• _Work to complete_: From the line with "シンプルなクリスマスフレームオーバーレイ写真カード 招待状" to the line with "Hüyük’te Durdurulan Araçta", retype every line exactly, including those two, and leave out the rest of the data below.

Data items:
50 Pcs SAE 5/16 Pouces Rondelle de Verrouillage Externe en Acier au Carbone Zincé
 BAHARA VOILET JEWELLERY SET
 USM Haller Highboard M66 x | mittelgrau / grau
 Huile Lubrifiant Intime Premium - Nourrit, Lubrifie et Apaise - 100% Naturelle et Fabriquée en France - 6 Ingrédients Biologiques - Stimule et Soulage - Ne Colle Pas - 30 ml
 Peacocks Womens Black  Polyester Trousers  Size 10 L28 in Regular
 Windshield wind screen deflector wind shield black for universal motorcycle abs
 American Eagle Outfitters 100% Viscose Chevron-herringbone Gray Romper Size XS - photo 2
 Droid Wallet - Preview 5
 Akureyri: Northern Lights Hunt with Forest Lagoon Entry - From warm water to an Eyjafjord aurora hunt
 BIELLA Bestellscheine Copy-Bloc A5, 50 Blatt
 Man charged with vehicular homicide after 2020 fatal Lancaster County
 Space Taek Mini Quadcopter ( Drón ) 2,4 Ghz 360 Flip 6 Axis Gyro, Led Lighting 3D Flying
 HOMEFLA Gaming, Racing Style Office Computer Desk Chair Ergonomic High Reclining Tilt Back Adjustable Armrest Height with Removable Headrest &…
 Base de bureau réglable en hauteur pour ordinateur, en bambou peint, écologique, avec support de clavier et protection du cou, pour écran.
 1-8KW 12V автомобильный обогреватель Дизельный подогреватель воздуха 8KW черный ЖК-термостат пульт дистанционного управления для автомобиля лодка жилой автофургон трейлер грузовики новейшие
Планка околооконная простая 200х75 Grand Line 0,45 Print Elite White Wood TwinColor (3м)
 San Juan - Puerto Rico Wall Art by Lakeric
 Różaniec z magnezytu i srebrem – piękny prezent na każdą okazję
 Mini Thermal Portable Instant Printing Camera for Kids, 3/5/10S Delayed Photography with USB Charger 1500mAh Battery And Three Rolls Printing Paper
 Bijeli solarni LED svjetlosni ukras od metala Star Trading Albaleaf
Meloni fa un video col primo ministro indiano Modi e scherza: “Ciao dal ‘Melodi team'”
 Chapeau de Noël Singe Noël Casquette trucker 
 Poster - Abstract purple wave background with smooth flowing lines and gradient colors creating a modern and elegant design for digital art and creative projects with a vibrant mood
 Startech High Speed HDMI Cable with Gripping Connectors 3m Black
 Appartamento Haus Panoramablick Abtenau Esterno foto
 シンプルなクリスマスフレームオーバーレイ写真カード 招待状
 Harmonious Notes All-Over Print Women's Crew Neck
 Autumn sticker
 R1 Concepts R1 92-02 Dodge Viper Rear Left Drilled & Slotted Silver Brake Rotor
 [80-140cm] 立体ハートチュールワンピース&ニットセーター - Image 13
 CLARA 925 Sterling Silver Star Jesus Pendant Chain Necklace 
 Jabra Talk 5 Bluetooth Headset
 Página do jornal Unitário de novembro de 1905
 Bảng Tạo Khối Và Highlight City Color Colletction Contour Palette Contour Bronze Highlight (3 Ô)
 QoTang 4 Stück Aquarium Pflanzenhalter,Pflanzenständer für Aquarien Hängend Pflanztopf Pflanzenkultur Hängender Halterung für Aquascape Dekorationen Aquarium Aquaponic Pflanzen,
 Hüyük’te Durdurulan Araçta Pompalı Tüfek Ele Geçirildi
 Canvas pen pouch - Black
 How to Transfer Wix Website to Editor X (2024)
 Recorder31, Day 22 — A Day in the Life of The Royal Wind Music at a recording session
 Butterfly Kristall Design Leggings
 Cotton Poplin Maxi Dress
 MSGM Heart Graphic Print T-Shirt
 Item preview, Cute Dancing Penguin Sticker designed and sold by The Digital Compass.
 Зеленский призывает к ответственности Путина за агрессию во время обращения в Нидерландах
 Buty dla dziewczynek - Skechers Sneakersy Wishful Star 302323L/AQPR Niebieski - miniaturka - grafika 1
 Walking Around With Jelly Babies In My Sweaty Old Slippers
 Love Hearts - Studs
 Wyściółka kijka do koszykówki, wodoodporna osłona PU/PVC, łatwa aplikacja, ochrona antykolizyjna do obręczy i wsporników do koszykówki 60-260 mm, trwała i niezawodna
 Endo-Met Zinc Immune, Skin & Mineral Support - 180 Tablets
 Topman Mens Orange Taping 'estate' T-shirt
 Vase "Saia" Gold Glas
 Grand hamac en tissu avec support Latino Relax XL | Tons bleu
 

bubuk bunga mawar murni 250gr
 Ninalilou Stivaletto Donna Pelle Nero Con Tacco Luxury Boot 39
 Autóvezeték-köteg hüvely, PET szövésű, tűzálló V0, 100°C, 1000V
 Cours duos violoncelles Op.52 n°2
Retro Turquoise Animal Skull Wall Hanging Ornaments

• _Solved exercise_:
 シンプルなクリスマスフレームオーバーレイ写真カード 招待状
 Harmonious Notes All-Over Print Women's Crew Neck
 Autumn sticker
 R1 Concepts R1 92-02 Dodge Viper Rear Left Drilled & Slotted Silver Brake Rotor
 [80-140cm] 立体ハートチュールワンピース&ニットセーター - Image 13
 CLARA 925 Sterling Silver Star Jesus Pendant Chain Necklace 
 Jabra Talk 5 Bluetooth Headset
 Página do jornal Unitário de novembro de 1905
 Bảng Tạo Khối Và Highlight City Color Colletction Contour Palette Contour Bronze Highlight (3 Ô)
 QoTang 4 Stück Aquarium Pflanzenhalter,Pflanzenständer für Aquarien Hängend Pflanztopf Pflanzenkultur Hängender Halterung für Aquascape Dekorationen Aquarium Aquaponic Pflanzen,
 Hüyük’te Durdurulan Araçta Pompalı Tüfek Ele Geçirildi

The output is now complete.